In the workplace, so much depends on a manager and employee “clicking,” says Erdogan, who with Bauer has co-authored two textbooks used in more than 100 universities worldwide. She is motivated to identify structural approaches companies can use to encourage positive day-to-day relationships between managers and employees—instead of simply hoping for that “click.”
ONE WAY to ensure that employees fit in is to give them a good start. Anybody who’s had a job remembers at least one bad First Day: the cubicle with no working telephone, the lonely lunch break, the boring safety video that served as “orientation.”
And yet, “the research definitely shows that those first few days really matter,” says Bauer, a professor of management in the School of Business Administration. She has published and consulted on the topic of how to acclimate new employees so that they quickly add value to an organization.
Bauer’s PSU students, most of whom hold down jobs while in school, don’t need to be persuaded that how co-workers treat a new hire, or whether employees perceive their bosses as fair, helps determine if a company succeeds or fails.
“That relationships at work matter makes total sense to them. I don’t have to convince them about justice at work or group dynamics,” Bauer says. “They’re living them everyday.”
Bauer’s research agenda is as crowded as her office. Research in progress includes an examination of work as a calling; a look at how newcomers fare in apprentice trades in France; and helping a large high-tech company avoid squelching the creative impulses of new employees. In July, she headed to Google headquarters in Mountain View, Calif., for a three-month stint as the first non-engineering professor in the company’s visiting faculty program.
With her PSU colleagues, Bauer shares the belief that workplace relationships are too important to be left to chance. Employers who want to run effective organizations must take action to help create the relationships that keep employees happy, healthy, and satisfied. It can be as simple as making sure someone takes the newbie to lunch. Especially in retail and other entry-level jobs, “if someone has a bad first day, they don’t come back,” says Bauer.
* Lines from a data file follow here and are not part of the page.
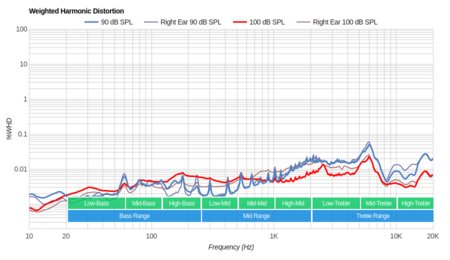 1More Quad Driver Weighted Harmonic Distortion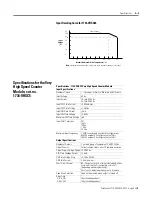 Preview for 57 page of Allen-Bradley POINT I/O 1734-VHSC24 User Manual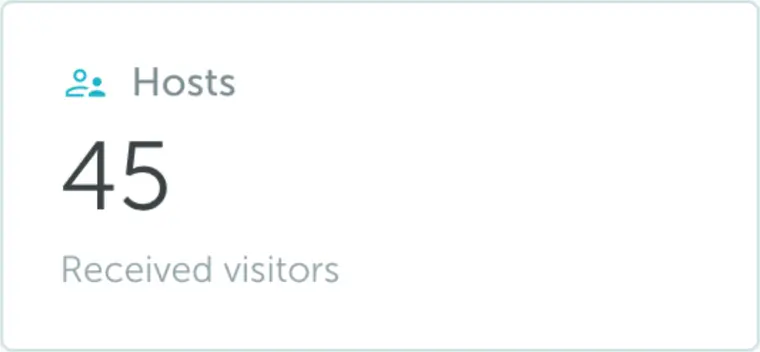 Visitor analytics hosts card showing 45 hosts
But make a new employee feel accepted, confident, and clear about his or her role—in that order—and “all sorts of good outcomes follow.”
“I think people believe that relationships aren’t happening all the time—but they are,” Bauer says. “You might as well make it a positive thing.” ?
Shelby Oppel Wood, a freelance writer, contributed the story “Plugging into the Future” in the Winter 2011 Portland State Magazine.
Illustrations by Dan Selleck
What about breaks?
Charlotte Fritz, an assistant professor of psychology, is interested in discovering what employees need to be energized and productive at work so that employers can help provide it.
Fritz says human energy is fuel for organizations and a limited resource that workers can replenish with the right strategies. Yet, when time is short, the most effective choices aren't the ones we usually make, according to Fritz's research.
While the lunch break is a typical time for recharging at work, Fritz focused on the more frequent "micro-breaks" that make up a workday—the moments between finishing one task and moving to another—as additional opportunities for restoring one's personal battery.
Have a snack? Get some fresh air? Surf the Web? In Fritz's study of employees at a U.S. software company, those common strategies for refueling during micro-breaks weren't related to higher rates of vitality. Employees were more likely to feel energized when they chose not to "check out" from their jobs but to engage in a brief work-related activity that involved learning something new, finding meaning, or building high-quality relationships.
For example, instead of mindlessly clicking through web pages or sucking down a diet cola, walk across the office to thank a co-worker for help on a project. Set a new work goal. Or simply reflect on what aspects of your job bring joy, Fritz says.